Che impressione le fa l'escalation di suicidi tra le tue colleghe?
«È una cosa tristissima. Che mi preoccupa. E sarà sempre peggio».
Il motivo?
«Nella maggior parte dei casi le ragazze che si avvicinano ai casting non sono attrezzate per affrontare questo mestiere».
In che senso?
«Sono giovanissime. Fragili mentalmente. A volte perfino minorenni. Credono che sia un lavoro come gli altri. Ma non è così».
E com'è?
«Nell'epoca del web, la gogna dei social può psicologicamente distruggere. E spingere a toglierti la vita».
Tutta colpa di internet?
«No. C'è la droga. Quando sei depresso, cominci con la cocaina. Ed è la fine».
Negli «suoi» anni '90 era diverso?
«Il porno ai miei tempi era più soft.
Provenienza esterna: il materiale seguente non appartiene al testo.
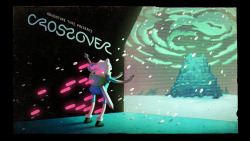 Crossover - title carddesigned by Sam Aldenpainted by Joy Angpremieres Thursday, January 28th at 7:30/6:30c on Cartoon Network
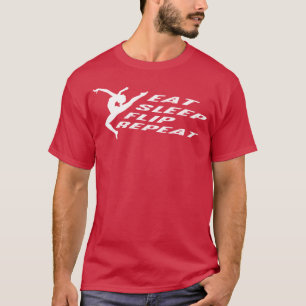 Essen Schlafen Flip Turnen Trainer Geschenk vintag T-Shirt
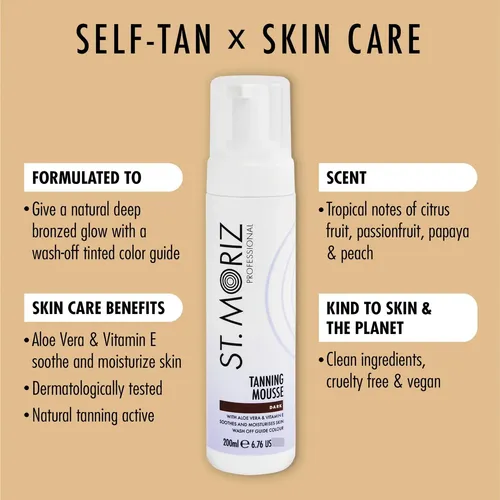 Mousse Bronceadora St. Moriz 200ml Oscuro Hidratante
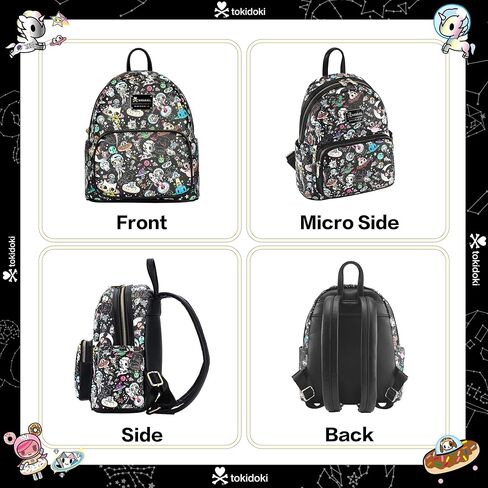 حقيبة ظهر صغيرة من Tokidoki للنساء، حقيبة كتف من جلد البولي يوريثان الأسود Unicorno حقيبة يد للعمل والتسوق والسفر (PU-أسود) in Saudi Arabia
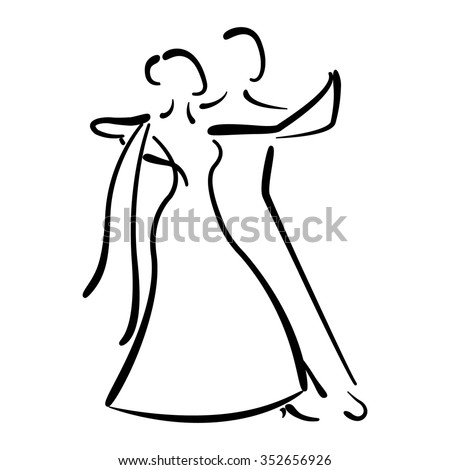 Dancing Couple Logo Isolated On White Background. Waltz Dancers ...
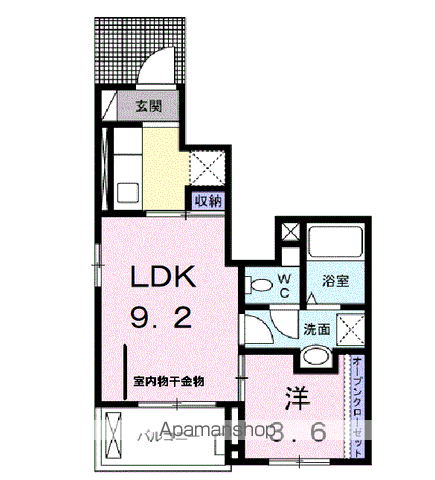 プリムローズ・政 Ⅰ(1LDK/1階)の間取り写真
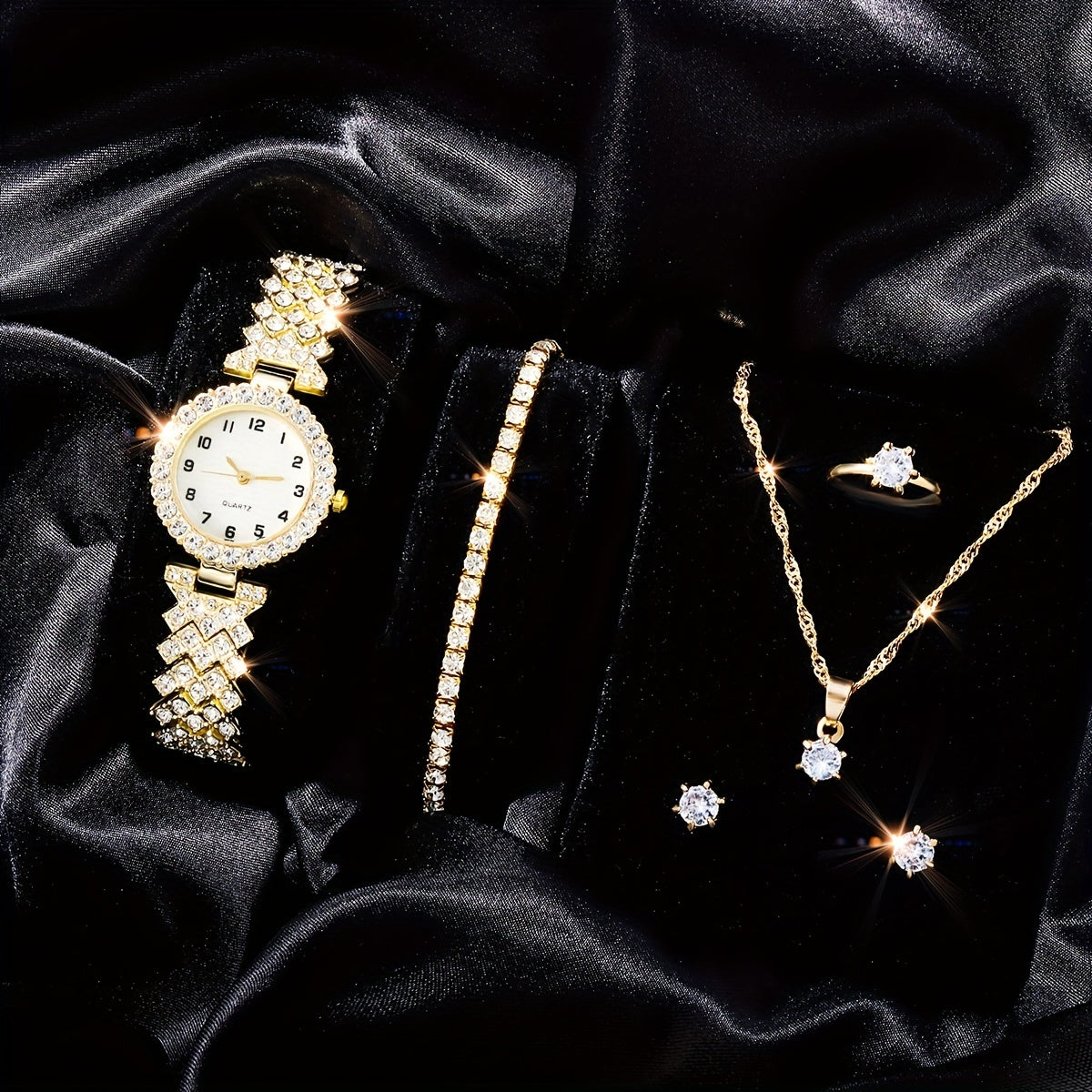 Kids Rhinestone Quartz Analog Watch & Jewelry Set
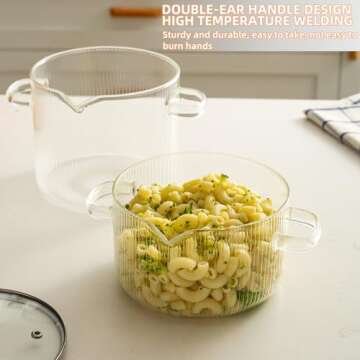 Glass Simmer Pot 1.8L, Heat-Resistant Cooking Cookware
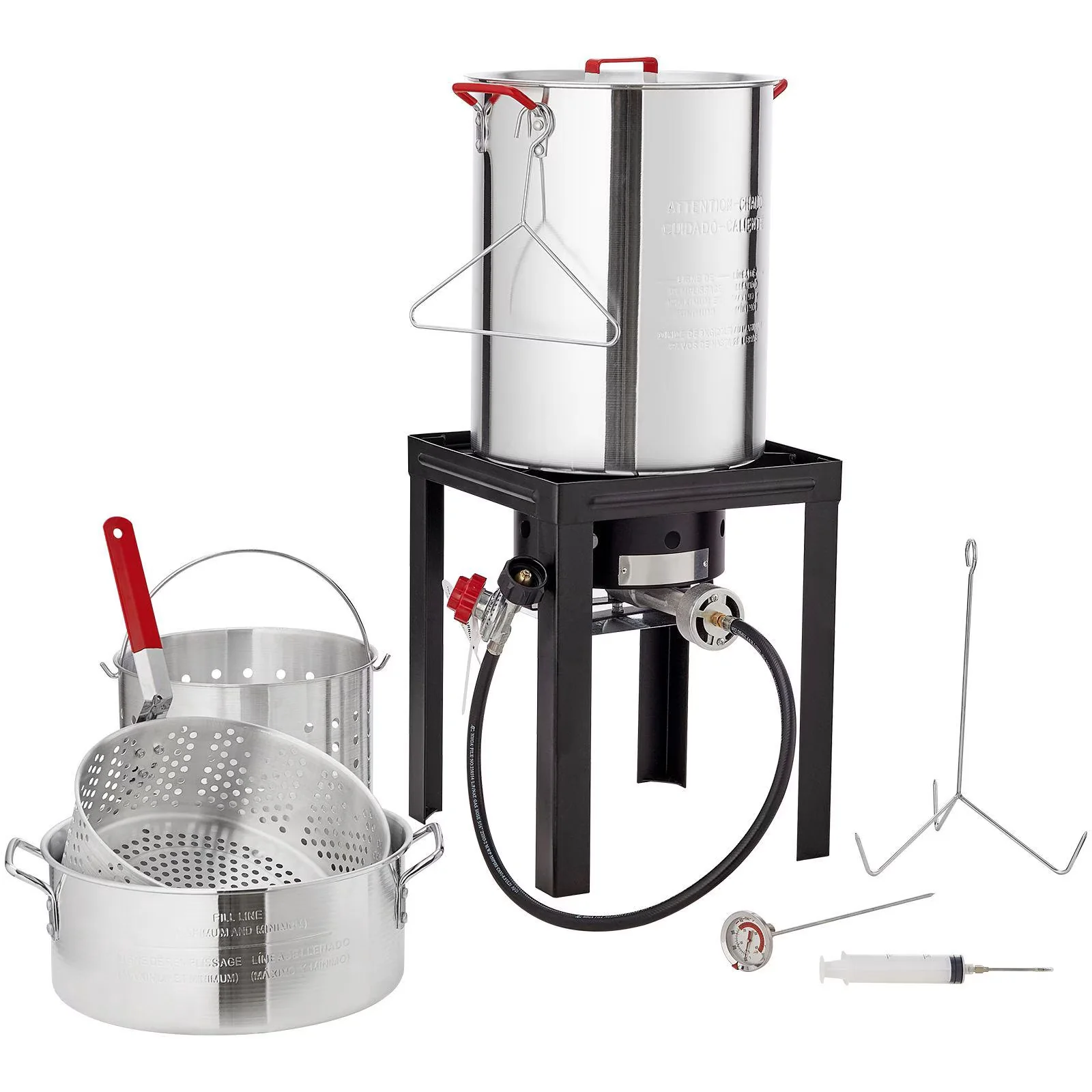 Stylish Outdoor Fryer with 54000 BTU, Number of Packages:1, Frying Basket Poultry Rack Thermometer - Model A2DBAA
Ci sentivamo in un certo senso dei pionieri. Ambivamo a diventare veri attori, anche se di un genere particolare».
Poi le cose sono peggiorate.
«Sì, il porno è diventato sempre più estremo. E a chi lo interpreta davanti a una telecamera sono richieste capacità alla portata di pochi».
I cinque suicidi delle porno-star sono stati tutti negli Usa. È solo una coincidenza?
«No. Negli Stati Uniti il mercato del porno è lo specchio di una società dalla doppia morale che - all'apparenza - condanna il sesso, ma poi - in pratica - lo alimenta con un business da milioni di euro».
Si tratta della
stessa ipocrisia a «stelle e strisce» emersa nello scandalo Weinstein?«Un monumento al bigottismo americano. Dare del porco a Weinstein è servito a lavare le coscienze anche di chi è più molto più porco di lui».